§ Supplied entries:
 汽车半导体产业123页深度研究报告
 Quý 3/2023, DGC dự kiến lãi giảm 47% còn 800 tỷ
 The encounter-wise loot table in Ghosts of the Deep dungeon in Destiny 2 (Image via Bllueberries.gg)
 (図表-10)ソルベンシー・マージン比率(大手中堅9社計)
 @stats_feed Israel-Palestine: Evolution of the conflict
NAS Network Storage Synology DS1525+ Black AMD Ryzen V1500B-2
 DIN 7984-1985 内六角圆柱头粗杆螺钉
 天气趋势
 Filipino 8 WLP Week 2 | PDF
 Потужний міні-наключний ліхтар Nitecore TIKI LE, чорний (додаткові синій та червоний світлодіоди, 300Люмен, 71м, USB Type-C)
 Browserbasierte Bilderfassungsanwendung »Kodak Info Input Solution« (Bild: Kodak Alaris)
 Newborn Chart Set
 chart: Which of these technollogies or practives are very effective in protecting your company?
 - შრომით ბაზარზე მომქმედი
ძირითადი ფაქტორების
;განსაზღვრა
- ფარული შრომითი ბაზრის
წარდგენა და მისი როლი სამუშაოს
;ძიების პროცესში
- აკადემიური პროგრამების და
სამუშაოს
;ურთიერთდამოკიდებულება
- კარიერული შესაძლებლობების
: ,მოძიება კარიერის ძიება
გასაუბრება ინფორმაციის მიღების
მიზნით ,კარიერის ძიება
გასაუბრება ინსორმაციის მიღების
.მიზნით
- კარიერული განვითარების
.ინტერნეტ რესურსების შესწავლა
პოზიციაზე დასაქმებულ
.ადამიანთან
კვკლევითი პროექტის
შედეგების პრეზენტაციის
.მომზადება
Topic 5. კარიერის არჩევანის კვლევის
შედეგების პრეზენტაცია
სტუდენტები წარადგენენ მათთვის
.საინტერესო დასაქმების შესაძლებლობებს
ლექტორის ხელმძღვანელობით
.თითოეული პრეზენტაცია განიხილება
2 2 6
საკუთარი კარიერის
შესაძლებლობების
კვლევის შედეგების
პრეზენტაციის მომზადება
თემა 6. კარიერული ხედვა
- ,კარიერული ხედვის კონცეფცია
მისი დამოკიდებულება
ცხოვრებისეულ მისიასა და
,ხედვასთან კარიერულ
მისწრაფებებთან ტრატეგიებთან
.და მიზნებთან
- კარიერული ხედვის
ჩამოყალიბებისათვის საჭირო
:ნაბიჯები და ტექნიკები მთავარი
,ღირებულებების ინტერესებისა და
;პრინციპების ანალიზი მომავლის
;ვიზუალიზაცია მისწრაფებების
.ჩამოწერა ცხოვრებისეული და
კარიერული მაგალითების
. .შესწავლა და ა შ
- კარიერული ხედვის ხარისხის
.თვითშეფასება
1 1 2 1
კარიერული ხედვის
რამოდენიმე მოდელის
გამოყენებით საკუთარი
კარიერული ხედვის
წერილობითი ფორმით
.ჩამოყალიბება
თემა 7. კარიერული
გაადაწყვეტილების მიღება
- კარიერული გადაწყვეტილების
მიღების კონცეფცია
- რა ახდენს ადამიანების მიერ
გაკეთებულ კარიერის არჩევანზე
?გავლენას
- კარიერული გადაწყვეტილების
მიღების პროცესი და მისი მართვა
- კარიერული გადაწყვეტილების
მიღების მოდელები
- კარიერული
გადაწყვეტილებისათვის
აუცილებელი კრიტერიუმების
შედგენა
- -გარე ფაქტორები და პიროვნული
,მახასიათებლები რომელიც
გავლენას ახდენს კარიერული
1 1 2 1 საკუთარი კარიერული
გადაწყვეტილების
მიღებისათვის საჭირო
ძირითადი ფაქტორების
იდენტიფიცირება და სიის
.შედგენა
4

§ Exercise directions: Repeat only the stretch of lines that begins at the line containing "წერილობითი ფორმით" and ends at the last line above, both included.

§ Answer below:
წერილობითი ფორმით
.ჩამოყალიბება
თემა 7. კარიერული
გაადაწყვეტილების მიღება
- კარიერული გადაწყვეტილების
მიღების კონცეფცია
- რა ახდენს ადამიანების მიერ
გაკეთებულ კარიერის არჩევანზე
?გავლენას
- კარიერული გადაწყვეტილების
მიღების პროცესი და მისი მართვა
- კარიერული გადაწყვეტილების
მიღების მოდელები
- კარიერული
გადაწყვეტილებისათვის
აუცილებელი კრიტერიუმების
შედგენა
- -გარე ფაქტორები და პიროვნული
,მახასიათებლები რომელიც
გავლენას ახდენს კარიერული
1 1 2 1 საკუთარი კარიერული
გადაწყვეტილების
მიღებისათვის საჭირო
ძირითადი ფაქტორების
იდენტიფიცირება და სიის
.შედგენა
4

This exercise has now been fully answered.